A declarative language allows users to state what result they want without specifying the detailed steps needed to get it. In DML, this means the user specifies the data they want to retrieve, insert, update, or delete, without defining the low-level, step-by-step operations to retrieve or modify that data.

  • Example: In SQL (a declarative language), a user can simply write:

    SELECT name FROM employees WHERE department = 'HR';
    

    This command declares what data to fetch (the names of employees in the HR department) without specifying how to search, retrieve, or process this data.

Non-Procedural

A non-procedural language, similar to a declarative one, allows the user to specify what data to manipulate without detailing the steps of how the database should process the request. In contrast to procedural languages, non-procedural languages are focused on describing the outcome rather than the procedure.

  • Example: With the same SQL query above, the user doesn’t need to outline procedures like “first scan this table, then filter by department,” etc. The DBMS decides the best way to execute the query (e.g., using indexes or optimizing based on database statistics).

Why Declarative and Non-Procedural Matters in DML

When DML is declarative and non-procedural, users don’t need to understand the underlying database structure, indexes, or query execution methods. They can interact with the data independently of its physical storage and without requiring technical knowledge of algorithms or retrieval processes. The DBMS handles these complexities, optimizing the data retrieval and manipulation based on internal mechanisms. This approach supports physical data independence since users aren’t burdened by how data is organized or accessed physically.

Productivity is improved when the DML is non-procedural and more expressive.

Reliability and concurrency issues are addressed by supporting transactions, in particular ACID properties for transactions.

Transaction

A sequence of indivisible DML requests. Applications access a database via transactions.

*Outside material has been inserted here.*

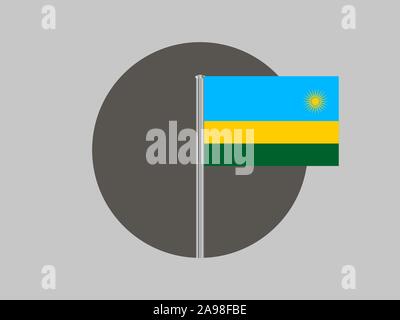 Bella bandiera nazionale della Repubblica del Ruanda . colori originali e proporzione. Semplicemente illustrazione vettoriale EPS10, da paesi flag impostato. Illustrazione Vettoriale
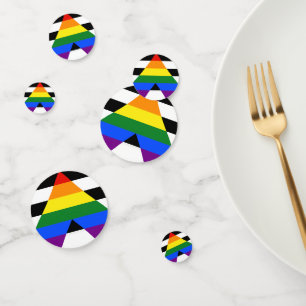 SlipperyJoe's straight ally flag smooth rainbow gr Confetti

An application programmer may assume exclusive access to the database within a transaction. The DBMS schedules DML requests from all transactions in such a way that guarantees data integrity.

Note

Concept Explanation from ChatGPT:

If any part of the transaction fails, the entire transaction is aborted, and any changes that have been made during the transaction are rolled back (undone), restoring the database to its state prior to the start of the transaction.

ACID Properties of a Transaction

  • Atomicity: A transaction occurs entirely, or not at all.
  • Consistency: Each transaction preserves the consistency of the database.
    • Each transaction must bring the database from one valid state to another.
  • Isolation: Concurrent transactions do not interfere with each other.
  • Durability: Once completed, a transaction’s changes are permanent.